Here is the chart from Facebook:

The chart is, in actuality, a sales pitch for a children's book (no surprise there, right?). But look closely at what it implies to the folks scanning through their feed. First, it equates length with quality. This false equivalency makes me nuts. I spent lots of time doing book talks in schools over the years. From time to time, a teacher would ask me to suggest books for kids that were longer than X number of pages (generally it is more than 200 though why that number is something that escapes me). Let me state this clearly: LENGTH DOES NOT EQUAL QUALITY or even rigor or even superior.

But there is more to this notion of false equivalency in this chart.
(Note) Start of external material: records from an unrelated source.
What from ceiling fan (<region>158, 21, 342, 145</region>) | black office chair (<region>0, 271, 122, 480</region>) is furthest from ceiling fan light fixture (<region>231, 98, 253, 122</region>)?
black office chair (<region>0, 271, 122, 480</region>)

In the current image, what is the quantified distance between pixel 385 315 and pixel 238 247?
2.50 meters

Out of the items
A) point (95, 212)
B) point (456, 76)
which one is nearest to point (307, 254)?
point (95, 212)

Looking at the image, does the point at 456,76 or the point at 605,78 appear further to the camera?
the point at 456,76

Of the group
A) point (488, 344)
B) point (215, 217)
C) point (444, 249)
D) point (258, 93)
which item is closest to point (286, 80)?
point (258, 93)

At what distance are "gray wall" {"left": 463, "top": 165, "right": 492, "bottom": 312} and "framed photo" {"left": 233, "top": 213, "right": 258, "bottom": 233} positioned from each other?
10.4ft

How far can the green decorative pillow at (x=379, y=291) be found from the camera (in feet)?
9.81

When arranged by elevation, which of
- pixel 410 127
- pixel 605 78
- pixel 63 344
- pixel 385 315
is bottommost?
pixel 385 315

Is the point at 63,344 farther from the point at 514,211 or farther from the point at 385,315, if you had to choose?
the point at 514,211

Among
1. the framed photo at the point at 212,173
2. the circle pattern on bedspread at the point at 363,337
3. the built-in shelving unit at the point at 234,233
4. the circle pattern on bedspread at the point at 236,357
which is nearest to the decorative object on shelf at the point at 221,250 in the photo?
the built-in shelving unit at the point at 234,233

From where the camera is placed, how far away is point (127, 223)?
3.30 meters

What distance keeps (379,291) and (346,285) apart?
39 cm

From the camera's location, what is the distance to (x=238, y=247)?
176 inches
The chart compares classics such as The Velveteen Rabbit, Peter Rabbit, and Frog and Toad to contemporary books that are actually picture books. Most of the classic titles are NOT picture books. Perhaps someone purporting to write better picture books than Little. Elliot needs to do a bit more research about the qualities of picture books.

And then there is the word count issue. Do more words mean better books? How does that correlate at all? Here are a couple of correlations that are about as nonsensical as the concept that number of words somehow equates with better books.
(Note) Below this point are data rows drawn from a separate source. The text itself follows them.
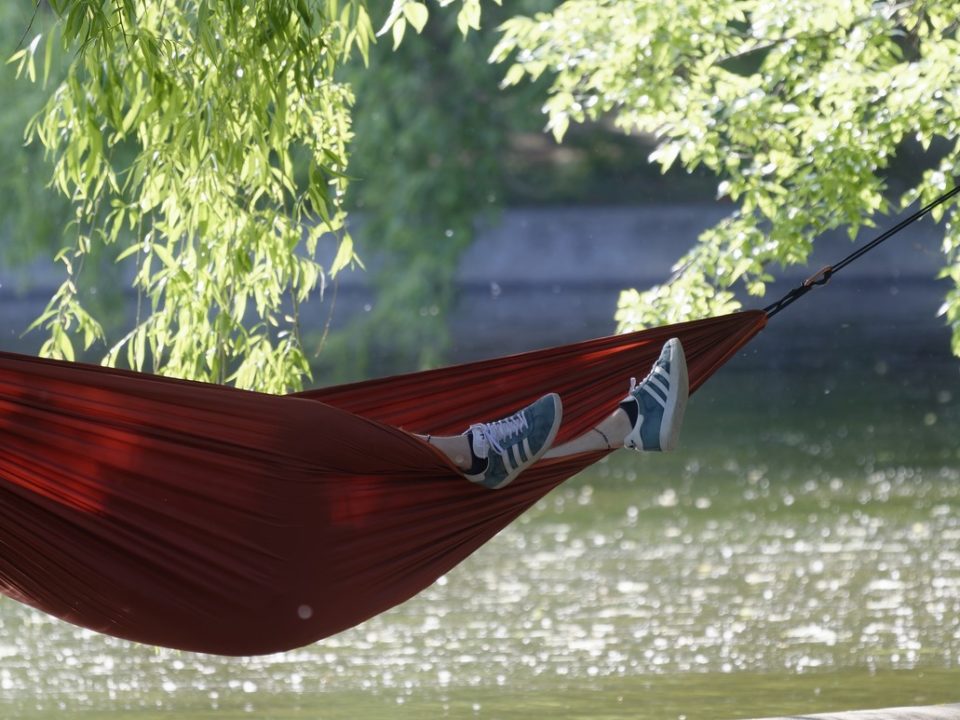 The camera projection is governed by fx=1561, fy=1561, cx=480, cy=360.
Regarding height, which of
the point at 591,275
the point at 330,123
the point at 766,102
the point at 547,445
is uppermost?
the point at 591,275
Apparently, people who are interested in calligraphy differ in their fart preference from the rest of the population.

How about this one?

Sales of ice cream correlates with the number of murders. As we approach summer, does that mean the murder rate will rise as well?

Of course, this is all silly, right? But when a post targets with false equivalency or when a company promotes its product with data that is misleading at best, then we diminish data and research. I'm looking squarely at you, AR. Let me finish with some real data that should inform our practices.

Here is a perfect and important chart from DISRUPTING THINKING from Beers and Probst. Note the research included in the graphic, please.

And here is one more that is supported by research as well:

Let's call out false equivalencies when we find them. Let's be clear about word counts and page counts and other things that are not equivalent to literary quality.